The first thing I needed to do was to determine the ponies names. I couldn’t very well call them, “Purple Pony” and “Pink Pony,” could I? Abigail informed me that the baby pony’s name was Tutu. I then asked the other names and found out that they were all named Tutu. So I called them, “Purple Tutu,” “Pink Tutu,” along with “Blue Mama Tutu” and “Blue Baby Tutu.”
They wanted to do what all ponies want to do: get groomed. I asked Abigail if she knew what “groom” meant and she said that she did. It meant “you go over there and down there and zoom and,” she stuck two finger in my neck and wiggled them. “I groomed you.”
This won her an especially large hug.
As it turns out, Purple Tutu had left the grooming brush on her windowsill in their floating city and it had fallen out into the forest below. Good think Pink Tutu has wings. She carried them all down to the forest where they split up to search. It was a dark and scary forest; splitting up was a narrative inevitability.
Blue Mama Tutu and Blue Baby Tutu came to a bog, where a familiar glowing frog told them that he might have seen something fall out of the sky. If they could help him, he would help them. You see, the frog was hungry, because all of the flies had gone somewhere else.

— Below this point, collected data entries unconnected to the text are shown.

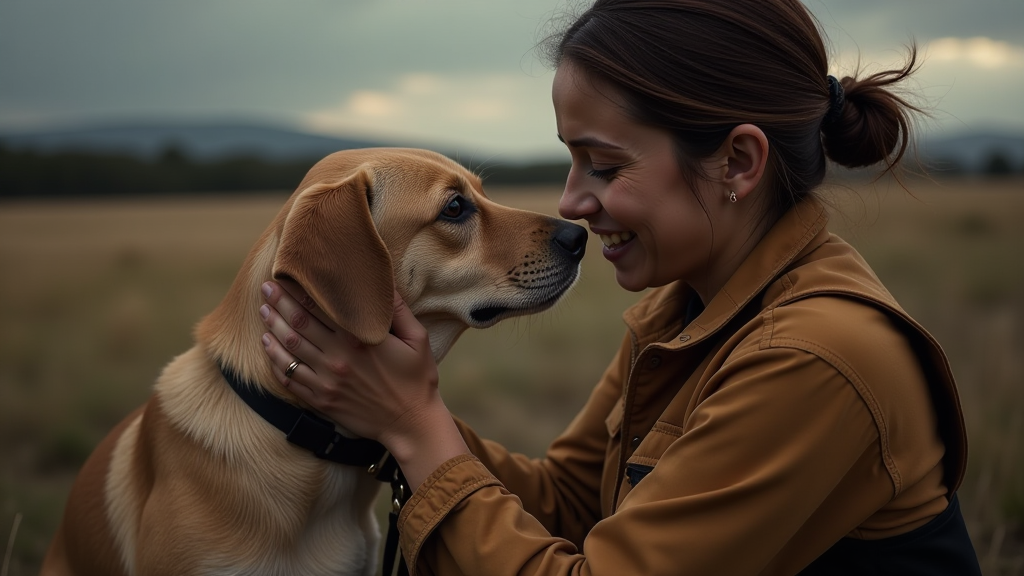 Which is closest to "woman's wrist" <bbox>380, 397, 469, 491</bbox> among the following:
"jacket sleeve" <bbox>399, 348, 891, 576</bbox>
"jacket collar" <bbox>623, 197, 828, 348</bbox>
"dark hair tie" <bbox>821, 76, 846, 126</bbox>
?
"jacket sleeve" <bbox>399, 348, 891, 576</bbox>

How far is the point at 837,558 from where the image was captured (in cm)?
224

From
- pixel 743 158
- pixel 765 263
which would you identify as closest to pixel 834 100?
pixel 743 158

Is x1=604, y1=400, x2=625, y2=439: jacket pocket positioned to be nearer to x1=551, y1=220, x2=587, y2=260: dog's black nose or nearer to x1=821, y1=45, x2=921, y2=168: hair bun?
x1=551, y1=220, x2=587, y2=260: dog's black nose

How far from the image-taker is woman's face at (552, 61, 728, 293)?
242cm

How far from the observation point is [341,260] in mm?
2396

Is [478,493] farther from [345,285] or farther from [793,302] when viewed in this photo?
[793,302]

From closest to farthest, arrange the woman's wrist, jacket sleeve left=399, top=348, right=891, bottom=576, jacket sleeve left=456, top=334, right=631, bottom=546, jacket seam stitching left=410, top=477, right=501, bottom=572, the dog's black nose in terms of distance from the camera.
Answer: jacket sleeve left=399, top=348, right=891, bottom=576 → jacket seam stitching left=410, top=477, right=501, bottom=572 → the woman's wrist → the dog's black nose → jacket sleeve left=456, top=334, right=631, bottom=546

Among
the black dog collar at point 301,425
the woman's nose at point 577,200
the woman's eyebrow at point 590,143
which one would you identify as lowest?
the black dog collar at point 301,425

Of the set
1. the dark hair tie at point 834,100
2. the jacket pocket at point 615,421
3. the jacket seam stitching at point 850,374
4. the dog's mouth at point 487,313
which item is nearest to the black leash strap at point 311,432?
the dog's mouth at point 487,313

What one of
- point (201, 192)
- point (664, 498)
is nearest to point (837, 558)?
point (664, 498)

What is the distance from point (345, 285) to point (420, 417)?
445 millimetres

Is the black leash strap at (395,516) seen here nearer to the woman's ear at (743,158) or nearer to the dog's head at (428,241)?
the dog's head at (428,241)

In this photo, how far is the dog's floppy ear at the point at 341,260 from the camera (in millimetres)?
2348

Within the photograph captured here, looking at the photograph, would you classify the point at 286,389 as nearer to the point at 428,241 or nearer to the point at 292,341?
the point at 292,341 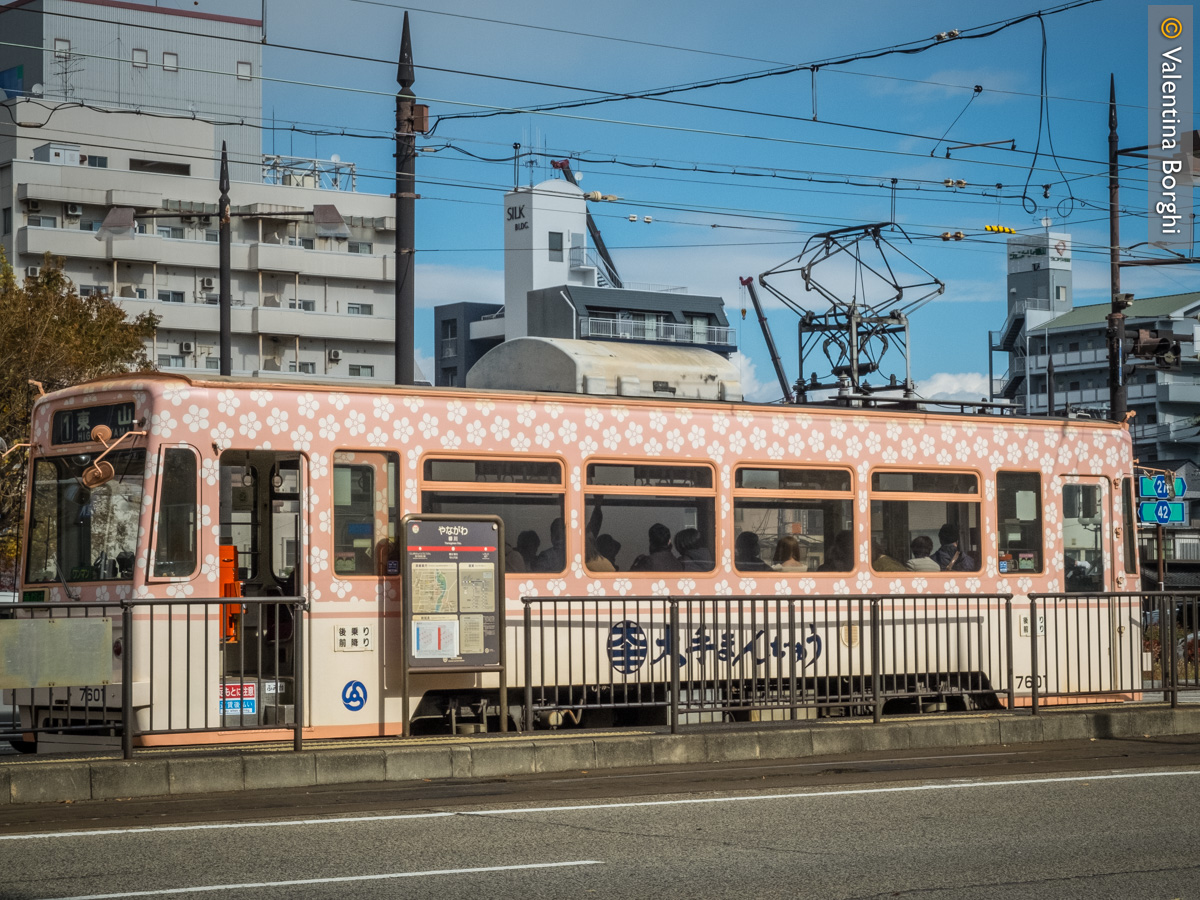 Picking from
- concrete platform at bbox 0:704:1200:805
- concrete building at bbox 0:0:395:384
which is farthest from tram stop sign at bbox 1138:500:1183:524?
concrete building at bbox 0:0:395:384

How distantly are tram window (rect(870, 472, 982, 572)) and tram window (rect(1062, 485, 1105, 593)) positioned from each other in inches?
51.7

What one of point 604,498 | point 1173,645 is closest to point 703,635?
point 604,498

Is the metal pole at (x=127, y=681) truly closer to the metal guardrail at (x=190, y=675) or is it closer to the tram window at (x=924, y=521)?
the metal guardrail at (x=190, y=675)

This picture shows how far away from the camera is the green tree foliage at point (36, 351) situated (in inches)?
1047

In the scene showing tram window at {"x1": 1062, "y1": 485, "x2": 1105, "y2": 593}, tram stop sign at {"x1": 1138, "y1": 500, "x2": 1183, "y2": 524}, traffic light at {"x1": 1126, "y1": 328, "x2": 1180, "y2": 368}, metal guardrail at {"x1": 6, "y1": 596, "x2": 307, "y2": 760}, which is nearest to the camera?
metal guardrail at {"x1": 6, "y1": 596, "x2": 307, "y2": 760}

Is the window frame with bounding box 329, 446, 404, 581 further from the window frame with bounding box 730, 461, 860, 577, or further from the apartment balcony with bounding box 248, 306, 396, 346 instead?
the apartment balcony with bounding box 248, 306, 396, 346

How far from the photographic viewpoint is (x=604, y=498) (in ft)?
46.1

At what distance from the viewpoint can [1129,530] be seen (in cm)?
1730

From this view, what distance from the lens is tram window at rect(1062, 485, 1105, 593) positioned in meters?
16.8

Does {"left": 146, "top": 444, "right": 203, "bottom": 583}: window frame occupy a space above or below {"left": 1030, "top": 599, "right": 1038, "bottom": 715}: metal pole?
above

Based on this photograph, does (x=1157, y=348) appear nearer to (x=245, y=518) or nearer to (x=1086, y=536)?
(x=1086, y=536)

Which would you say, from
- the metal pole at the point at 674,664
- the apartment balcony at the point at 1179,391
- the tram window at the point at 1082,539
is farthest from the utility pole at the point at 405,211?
the apartment balcony at the point at 1179,391

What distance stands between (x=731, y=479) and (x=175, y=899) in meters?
8.55

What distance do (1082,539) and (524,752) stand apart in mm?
7813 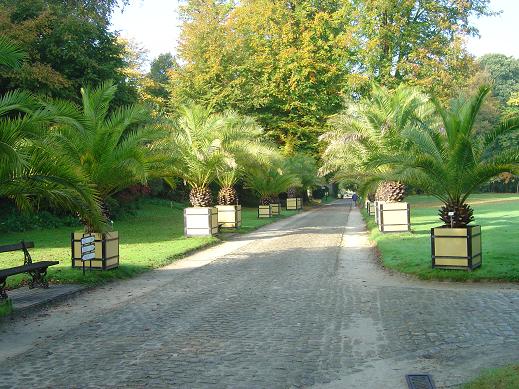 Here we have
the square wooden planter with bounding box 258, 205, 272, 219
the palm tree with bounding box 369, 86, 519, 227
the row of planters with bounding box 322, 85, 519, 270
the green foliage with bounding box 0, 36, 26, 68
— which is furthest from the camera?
the square wooden planter with bounding box 258, 205, 272, 219

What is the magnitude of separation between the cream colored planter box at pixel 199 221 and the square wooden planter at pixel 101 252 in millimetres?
8299

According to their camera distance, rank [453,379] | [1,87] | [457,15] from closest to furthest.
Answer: [453,379] → [1,87] → [457,15]

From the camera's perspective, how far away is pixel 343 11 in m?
38.8

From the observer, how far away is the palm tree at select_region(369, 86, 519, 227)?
11.8 meters

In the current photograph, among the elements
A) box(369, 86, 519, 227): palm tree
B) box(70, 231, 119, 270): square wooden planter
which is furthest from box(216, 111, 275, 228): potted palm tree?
box(369, 86, 519, 227): palm tree

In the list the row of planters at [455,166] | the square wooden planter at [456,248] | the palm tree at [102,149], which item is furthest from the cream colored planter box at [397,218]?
the palm tree at [102,149]

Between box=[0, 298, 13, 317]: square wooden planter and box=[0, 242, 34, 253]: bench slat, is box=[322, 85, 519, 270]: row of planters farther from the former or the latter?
box=[0, 298, 13, 317]: square wooden planter

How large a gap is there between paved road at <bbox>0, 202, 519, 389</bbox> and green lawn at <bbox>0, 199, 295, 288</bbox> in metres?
1.07

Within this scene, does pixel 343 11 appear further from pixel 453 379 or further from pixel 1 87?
pixel 453 379

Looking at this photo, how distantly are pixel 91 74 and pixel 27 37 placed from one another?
4288 millimetres

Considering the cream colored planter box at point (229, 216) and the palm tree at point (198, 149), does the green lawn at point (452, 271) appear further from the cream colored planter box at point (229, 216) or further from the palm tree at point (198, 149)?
the palm tree at point (198, 149)

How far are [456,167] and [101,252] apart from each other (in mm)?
8350

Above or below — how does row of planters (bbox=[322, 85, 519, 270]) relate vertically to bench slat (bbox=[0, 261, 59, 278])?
above

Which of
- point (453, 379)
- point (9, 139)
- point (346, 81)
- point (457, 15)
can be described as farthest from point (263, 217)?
point (453, 379) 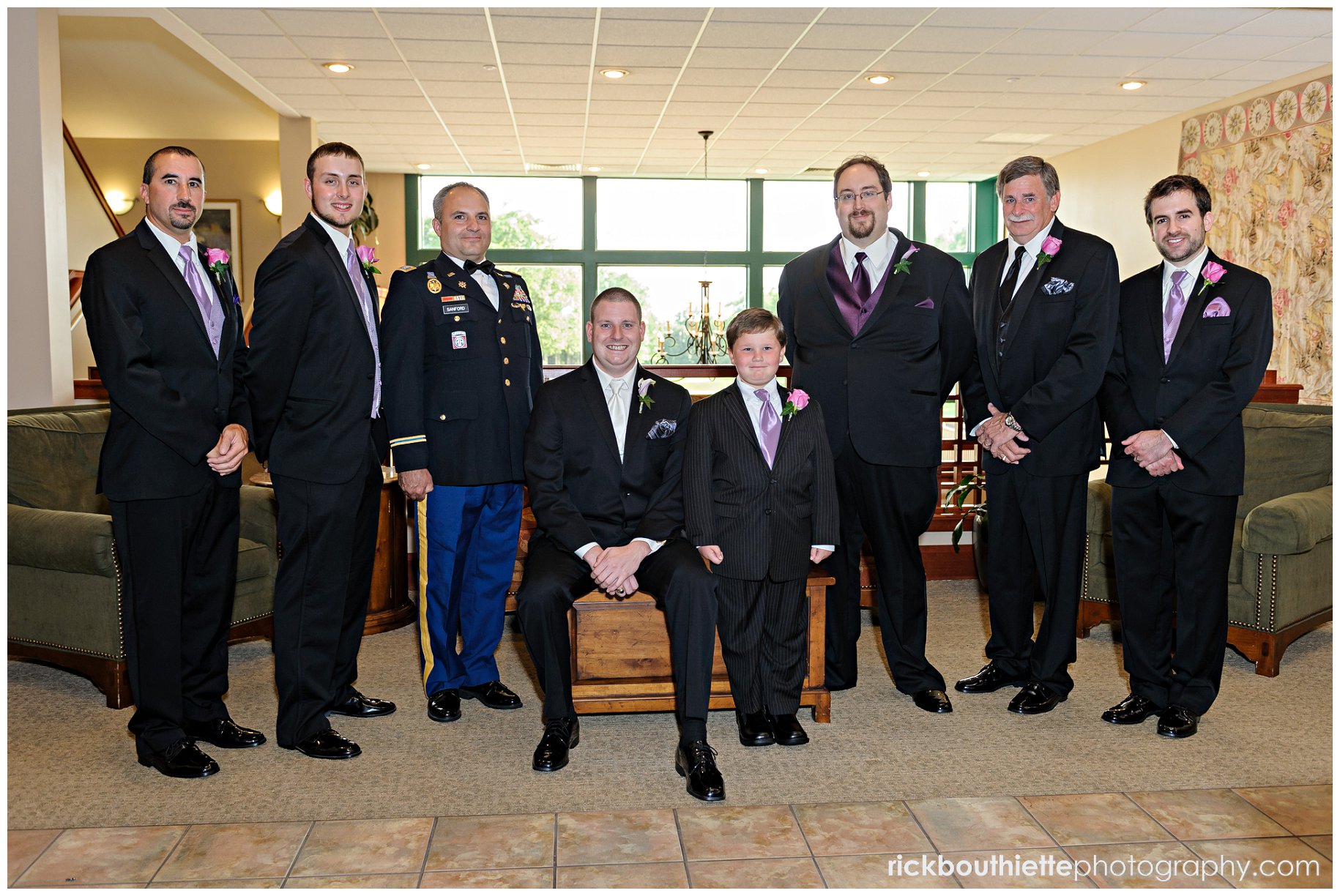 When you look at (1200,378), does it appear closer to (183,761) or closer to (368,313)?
(368,313)

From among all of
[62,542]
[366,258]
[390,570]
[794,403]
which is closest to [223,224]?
[390,570]

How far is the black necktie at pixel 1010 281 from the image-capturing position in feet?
11.1

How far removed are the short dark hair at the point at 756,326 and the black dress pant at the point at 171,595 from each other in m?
1.57

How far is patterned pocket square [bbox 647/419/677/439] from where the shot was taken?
10.7 feet

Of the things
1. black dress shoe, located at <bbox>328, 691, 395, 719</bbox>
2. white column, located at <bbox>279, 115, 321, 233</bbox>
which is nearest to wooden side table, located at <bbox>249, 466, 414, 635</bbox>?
black dress shoe, located at <bbox>328, 691, 395, 719</bbox>

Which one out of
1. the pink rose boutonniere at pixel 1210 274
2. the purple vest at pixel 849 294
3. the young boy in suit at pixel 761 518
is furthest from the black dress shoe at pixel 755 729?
the pink rose boutonniere at pixel 1210 274

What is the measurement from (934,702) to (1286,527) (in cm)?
153

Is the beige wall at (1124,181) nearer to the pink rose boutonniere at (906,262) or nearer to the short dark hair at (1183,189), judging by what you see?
the short dark hair at (1183,189)

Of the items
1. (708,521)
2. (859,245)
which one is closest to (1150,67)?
(859,245)

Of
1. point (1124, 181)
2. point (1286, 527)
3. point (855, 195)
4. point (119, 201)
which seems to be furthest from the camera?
point (119, 201)

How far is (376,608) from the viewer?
14.7 ft

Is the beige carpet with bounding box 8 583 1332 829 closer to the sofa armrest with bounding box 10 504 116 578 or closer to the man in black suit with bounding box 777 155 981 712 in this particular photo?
the man in black suit with bounding box 777 155 981 712

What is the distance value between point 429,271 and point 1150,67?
267 inches

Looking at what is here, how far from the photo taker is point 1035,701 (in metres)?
3.39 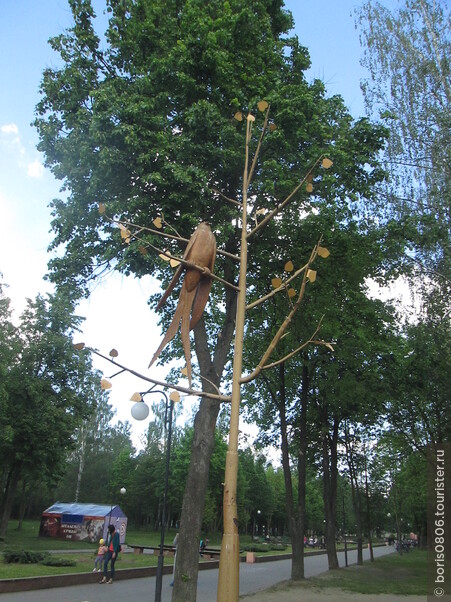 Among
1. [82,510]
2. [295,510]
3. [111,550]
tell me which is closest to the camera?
[111,550]

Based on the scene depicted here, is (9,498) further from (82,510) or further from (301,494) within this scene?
(301,494)

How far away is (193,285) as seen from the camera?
4.01 metres

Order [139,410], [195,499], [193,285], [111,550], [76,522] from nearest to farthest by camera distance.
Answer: [193,285]
[139,410]
[195,499]
[111,550]
[76,522]

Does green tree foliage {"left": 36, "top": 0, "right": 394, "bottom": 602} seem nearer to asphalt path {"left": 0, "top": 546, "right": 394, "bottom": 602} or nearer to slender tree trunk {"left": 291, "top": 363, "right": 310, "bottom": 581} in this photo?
asphalt path {"left": 0, "top": 546, "right": 394, "bottom": 602}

Meanwhile, Purple Tutu and Pink Tutu had reached the edge of the forest, where they found an enormous pile of trash someone had dumped there. As you might expect, it was covered with flies. Purple Tutu wasn’t having this. She used her special trash removal magic power, shaking her purple mane, and the trash disappeared.
The flies, realizing that their banquet had left, decided to hightail it back to the bog, where the frog was so happy that he immediately started glowing. He told Blue Mama Tutu and Blue Baby Tutu that something brush-shaped had fallen on the other side of the hill. They reached the top just as Purple Tutu and Pink Tutu came up the other side. And sure enough, there was their brush.
It was a very nice hill and a sunny day, so they spent it grooming each other with the brush and enjoying the outdoors. When the sun started going down, Pink Tutu carried them back up to their floating city and they went to bed. Purple Tutu was careful not to leave the brush on the windowsill anymore.
That story pretty much carried us through, at least in terms of Daddy being an acceptable bedtime substitute for Mama. The stuffy nose kept me in their for another hour, but all in all, a good night’s work.
Excellent story and definition of the word “groom.”